GPU acceleration
How Ditto uses your NVIDIA GPU to speed up transcription, when to turn it off, and what to check if it isn't working.
What it does
Whisper.cpp can run on either CPU or GPU. On supported NVIDIA cards, GPU mode uses CUDA to push the heavy matrix math (attention layers, FFT, matmul) onto the graphics card. The result: 5x to 30x faster transcriptions depending on model size.
The speedup is more dramatic on bigger models. Tiny barely benefits, since it’s already near the limit of CPU IO overhead. Large-v3 can take 80 seconds on CPU and a few seconds on a recent GPU.
The toggle
Settings → Models → Use GPU (CUDA) controls this. It’s on by default.

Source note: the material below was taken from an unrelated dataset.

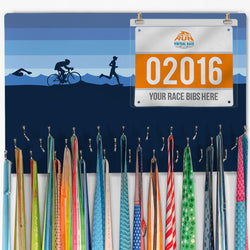 Running Large Hooked on Medals and Bib Hanger - Triathlon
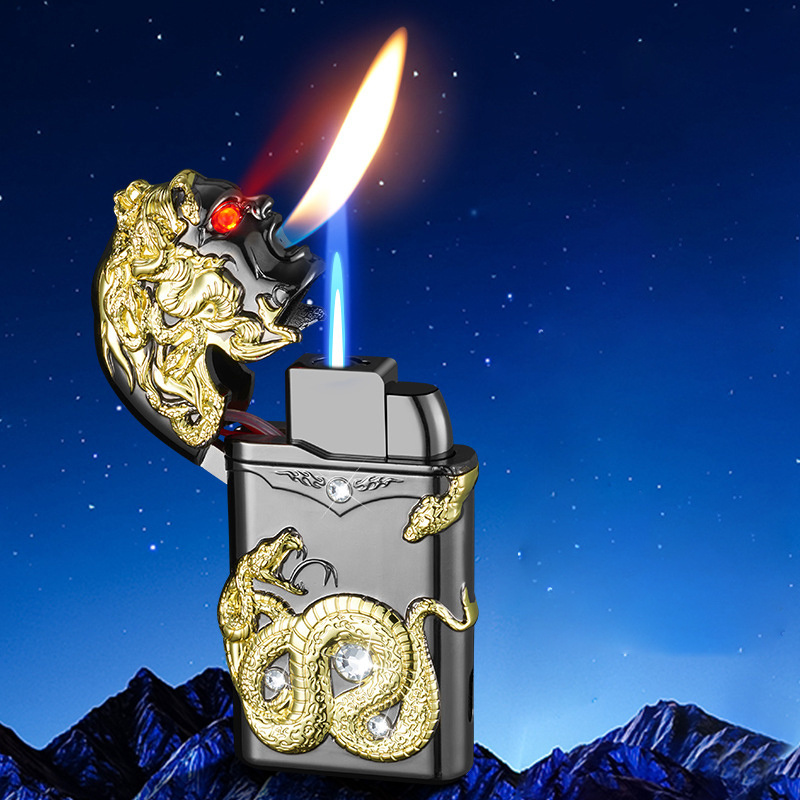 Emboss dragon lighter metal butane windproof blue flame and open flame luxury lighter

When on, Ditto launches whisper-cli.exe without the -ng flag and the GPU backend takes over. When off, the same binary runs with -ng (no GPU) and falls back to CPU.
What’s bundled
Ditto ships the runtime libraries needed for CUDA so you don’t have to install the CUDA Toolkit yourself. The installer includes:
cudart64_12.dll— CUDA runtimecublas64_12.dll,cublasLt64_12.dll,nvblas64_12.dll— cuBLAS for linear algebranvrtc64_120_0.dll,nvrtc-builtins64_124.dll— runtime kernel compilationggml-cuda.dll— Whisper.cpp’s CUDA backend
These are distributed by NVIDIA under their CUDA EULA and are bundled with the whisper.cpp Windows binaries.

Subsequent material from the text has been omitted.